The markets have been very optimistic about the consumer discretionary sector and its equity components, and for good reason. You see, the United States GDP pushed a 4.9% expansion in the past quarter, which was above many economists' expectations; however, the main driver behind the expansion is what will matter to you today.
The American consumer has attributed a good chunk of this growth. Wall Street's behavior is a testament to the reality under the economy's hood. By looking at the Consumer Discretionary Select Sector SPDR Fund (NYSEARCA: XLY), you will note a massive outperformance of 12.0% year-to-date against the S&P 500.
However, some bears are starting to point out that the effects of rising interest rates and stubborn inflation will eventually catch up to the consumer, hurting retail sales in the process. Because stocks like ULTA Beauty (NASDAQ: ULTA) operate in a recession-proof consumer niche, they make excellent investments today.
Do you want to know the secret behind the undeniable track record behind Warren Buffett's stratospheric wealth rise? Well, it can be boiled down to two things: First, find businesses that generate high returns on capital without leverage; second, buy them at a reasonable price and let them grow.

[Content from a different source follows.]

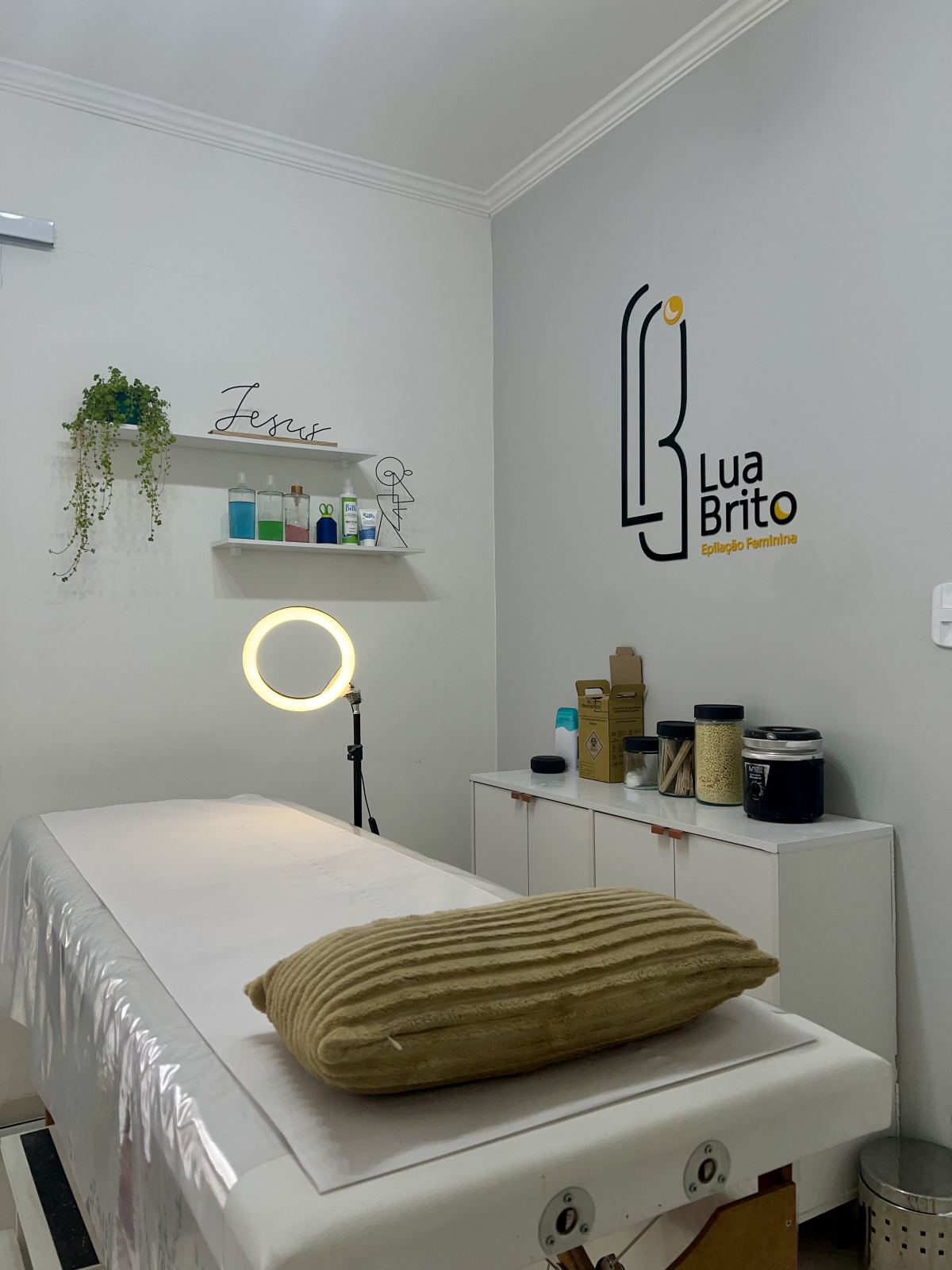 Espaço de atendimento de Lua Brito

With ULTA, you get these two requirements checked off the list and a third extremely important factor that will help you give up uncertainty and stress, making this a multi-decade hold the easiest decision you have ever made for your portfolio.

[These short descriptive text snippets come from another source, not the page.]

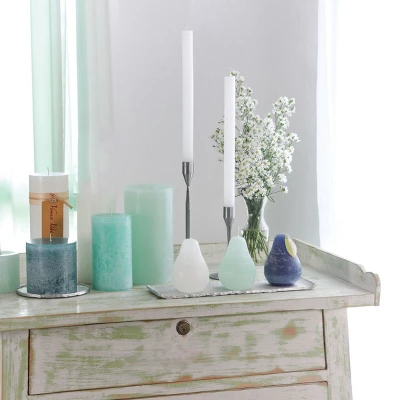 White Timber Tapers - Set Of 12 2 White Timber Tapers - Set Of 12 - Image 2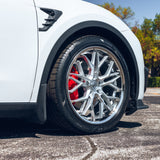 19" Rohana RFC3 Silver 19x8.5 19x9.5 Concave Wheels Rims Fits Tesla Model Y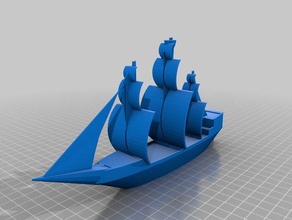 sailing ship vehicles 3d print model - Mito3D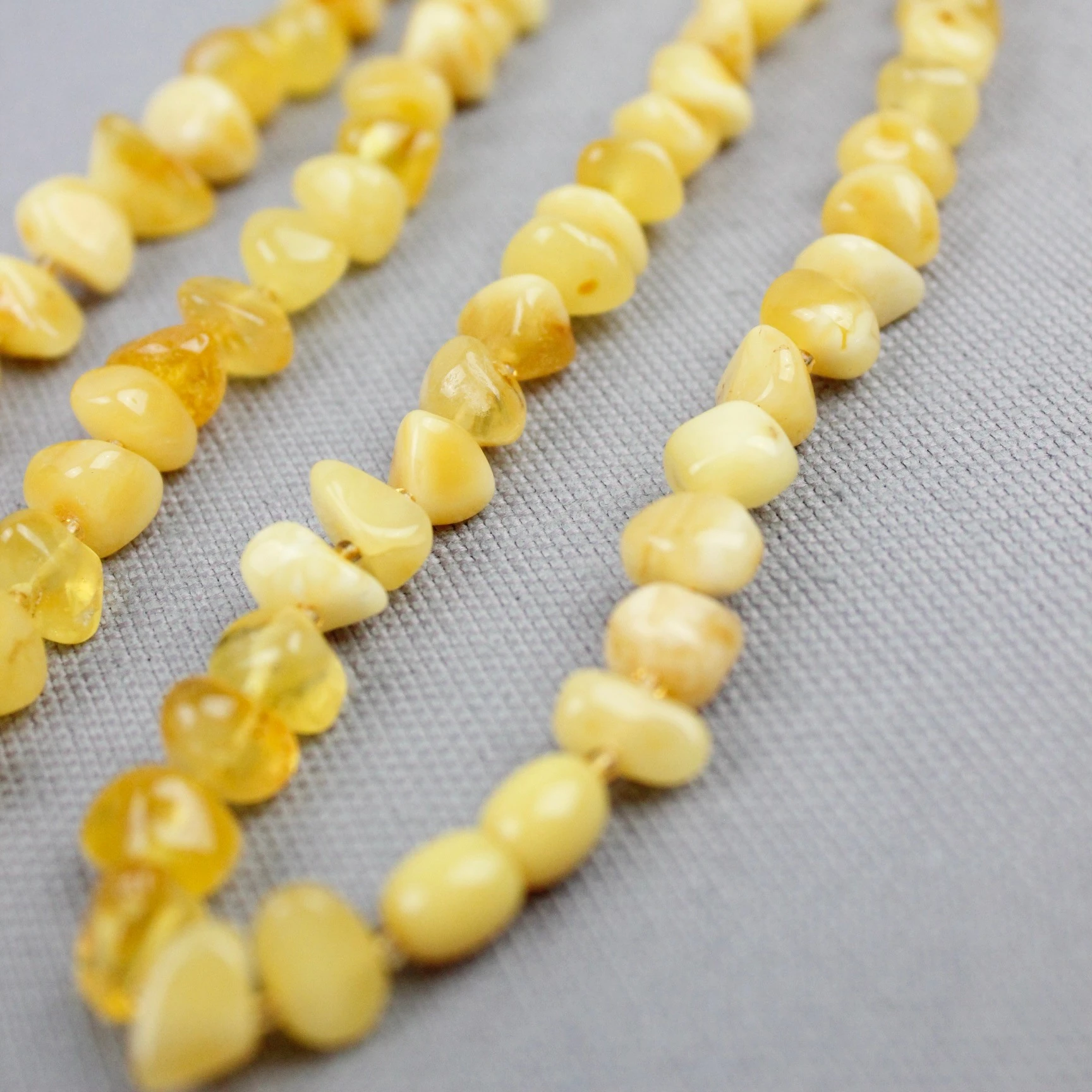 Doğal Kaliningrad Damla Kehribar Yetişkin Kolye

You see, stocks like ULTA are what can be termed 'eight to eighty' businesses, where target audiences range from eight-year-olds all the way to eighty-year-olds. More than that, the beauty products space will keep on selling through economic booms and busts.
Another example of a stock with such a social moat is Starbucks (NASDAQ: SBUX), where younger consumers can opt for sweeter drinks and snacks.

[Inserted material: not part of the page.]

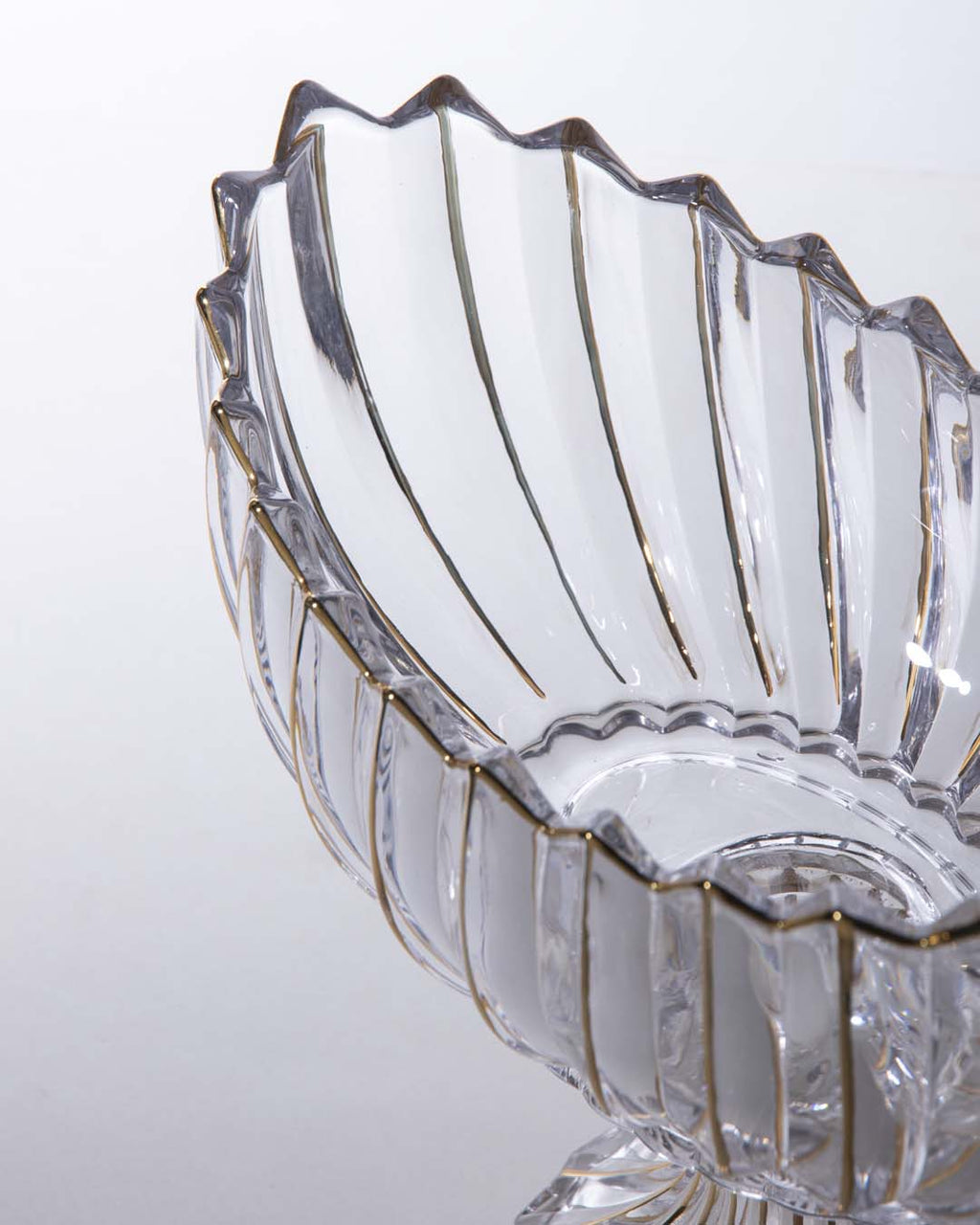 Crystal Glass Lotus Decorative Bowl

At the same time, older audiences can get a classic coffee with a pastry on the side. Moreover, the coffee business - just like beauty products - is not going anywhere soon, and it's doubtful that a recession would slow down its sales either.
So look, these qualities are nice and all, but what about the financials? Isn't that where Buffett starts to generate his ideas? Well, after having established that ULTA holds a moat, it is time to translate it into numbers.
Beginning with ROIC (return on invested capital), a five-year average of roughly 25.0% will place ULTA at the top of its peer list. ROIC is key to building wealth since it speaks to management's ability to manage and invest capital correctly; plus, a stock's annual performance begins to mirror ROIC over the long term.
To pay or not to pay
Understanding that ULTA's financials are solid, with its brand moat showing through an industry-leading 43.0% gross margin and 12.0% net income margin, the question needs to be whether today's price is right for a potential purchase.
You could say that ULTA's closest competitor in the miscellaneous retail space is DICK's Sporting Goods (NYSE: DKS). You can add Starbucks to this comparable list on a brand moat - plus recession-proof products.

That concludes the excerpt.